Olá!

Aqui você encontra vários tipos de textos com reflexões, introspecções, filosofadas e relatos, tudo sob a luz do mosaico. Desejo inspirar você com a mesma arte que me inspira.

E agora, Adriana?*

    A jornada até aqui foi muito diversa. Desde os tempos de mumificação egoica dos anos escolares, passando pela liquefação emocional da adolescência, pela autoenganação da juventude até o despertar dos sentidos na fase adulta. Quando fiz a transição do mundo ortodoxo para o mundo heterodoxo achei que a tarefa estava concluída, sendo necessários apenas alguns ajustes de quando em quando. Mania besta esta de supor que tudo foi entendido. A viagem para dentro de si é feita de curvas, curvas fechadas e por isso as surpresas nunca param de chegar, como tortas jogadas na sua cara.
    Se você ficar quieto no momento onde uma dúvida toma conta da sua mente, vai perceber a resposta pulando ali no canto. Às vezes é acompanhada de um luminoso intermitente. Ao olhar para isso, perceberá um resumo da sua vida, onde os momentos relevantes foram grifados com marca-texto. Sim, a resposta sempre esteve lá. Talvez sua constatação não seja confortável, mas a pergunta já foi respondida.
    O "caldo" mais recente que tomei foi a sentença de que dentro da profissão que escolhi, preciso seguir uma vertente. Preciso desesperadamente. Por quê? Porque não dá mais para fingir que não sinto uma torrente de vibração quando rodeio o mosaico contemporâneo. É muito nítido agora. Sabe quando você trava contato com alguma coisa e tem aquela sensação de que o que você pensa/sente não só faz sentido como acaba de ser legitimado porque tem mais pessoas que pensam/sentem como você? É isso! Depois vem aquele sentimento de não ser mais  aquela ervilha sozinha, esquecida no prato.
    O caminho de aprendizado e aperfeiçoamento que se desenha à minha frente não assusta, porque esta é a constante de qualquer coisa que se faça. O que me causa temor é que vou caminhando para o heterodoxo dentro do heterodoxo e não sei muito sobre a aceitação dessa vertente. Contudo acredito que fico destinada à mediocridade se não der a devida atenção a este chamado, que é tão honesto. Assim prossigo, sentido todos os calafrios que uma transição pode causar e a profunda e dolorida paixão de, a cada dia mais, poder ser quem eu sou.

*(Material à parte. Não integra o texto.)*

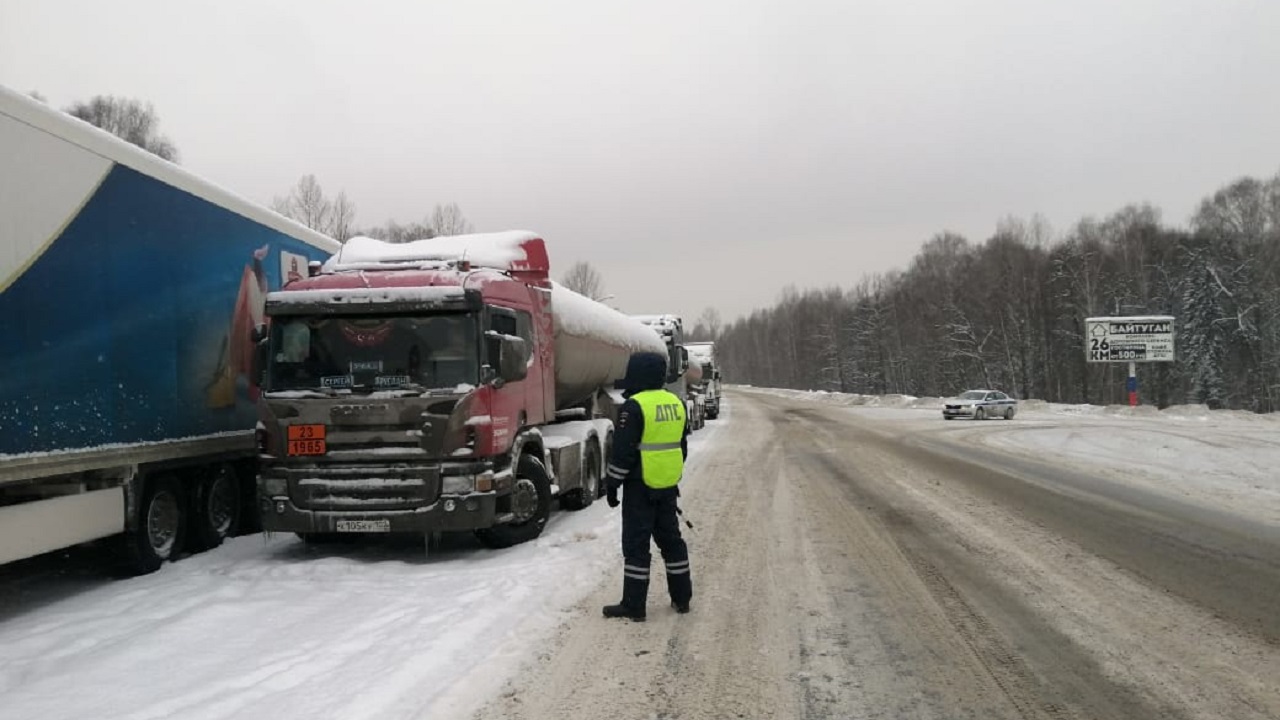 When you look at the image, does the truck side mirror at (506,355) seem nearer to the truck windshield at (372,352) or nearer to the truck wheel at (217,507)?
the truck windshield at (372,352)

*Alusão ao poema "José", de Carlos Drummond de Andrade


Tapetes amarelos.

    Naquela época, este era mais um dos "eventos" pelo qual eu aguardava com boa expectativa. Na reta final do inverno as árvores da rua, já com folhas novas, floriam loucamente sua pequeninas flores amarelo ouro. À chuva fraca ou ao vento desenhavam-se consecutivos e densos tapetes amarelos. Da calçada de casa era fácil observá-los ao longo da rua, até o final da subida sinuosa. Não havia muitos carros estacionados e os que havia ficavam integrados neste cenário de cor, cobertos também pelos tapetes. Ao se movimentarem, lançavam ao vento as florzinhas que iam contando pelo caminho que a primavera logo estaria ali.
    Numa tarde que não deixava dúvidas de que ainda estamos no inverno, a caminho dos Correios, fui surpreendida. Na rua menos agitada, nas raras calçadas espaçosas, estavam lá, dois tapetes amarelos. Afastei o guarda-chuva, olhei para cima e sorri em resposta às copas verdes, brilhantes, que balançavam suas espigas de florzinhas desesperadoramente amarelas. A chuva e o vento do dia fizeram a delicadeza de tecer aqueles tapetes amarelos, nostálgicos, fora de contexto. Diferente de antes, passei sobre eles. Não queria pisar nas flores, mas precisava sentir aquela fração de paisagem que me sugeria memórias tão reconfortantes. Claudicante que sou para acompanhar a tecnologia, não tive como registrar o cenário. No dia seguinte, como não chovia mais, os funcionários dos condomínios daquela rua prontamente desmancharam minhas memórias, atendendo à expectativa do time daqueles que chamam as flores no chão de sujeira.
    Nos dias que se sucederam à visão furtiva do passado, atinei meu olhar para as calçadas. Para não dizer que não vi mais nada, uma ou outra florzinha me acenou com timidez. Há carros estacionados por todos os lados em todas as ruas, as calçadas encolheram, várias árvores perderam seu lugar na cidade para espécies que não atrapalham os fios de luz...e que não fazem sujeira. As sobreviventes tentam, mas não há mais como tecer os mesmos tapetes amarelos.